▶ [GOAL OF THE EXERCISE]: Give back exactly the lines spanning from the one containing "EJERCICIO-2-DE-EXCEL-Formatos.pdf" to the final line of the records below, and no others.

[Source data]
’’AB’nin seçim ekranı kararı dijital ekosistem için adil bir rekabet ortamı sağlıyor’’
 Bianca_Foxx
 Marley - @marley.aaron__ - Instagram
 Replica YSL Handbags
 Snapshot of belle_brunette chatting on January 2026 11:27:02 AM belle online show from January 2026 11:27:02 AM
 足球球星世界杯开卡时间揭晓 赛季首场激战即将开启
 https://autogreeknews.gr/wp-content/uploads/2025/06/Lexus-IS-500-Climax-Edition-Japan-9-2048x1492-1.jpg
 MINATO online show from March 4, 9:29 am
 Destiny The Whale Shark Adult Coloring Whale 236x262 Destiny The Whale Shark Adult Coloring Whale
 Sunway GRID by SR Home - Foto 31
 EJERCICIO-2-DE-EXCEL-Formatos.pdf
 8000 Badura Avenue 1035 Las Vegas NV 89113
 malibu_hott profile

▶ [TASK OUTPUT]:
 EJERCICIO-2-DE-EXCEL-Formatos.pdf
 8000 Badura Avenue 1035 Las Vegas NV 89113
 malibu_hott profile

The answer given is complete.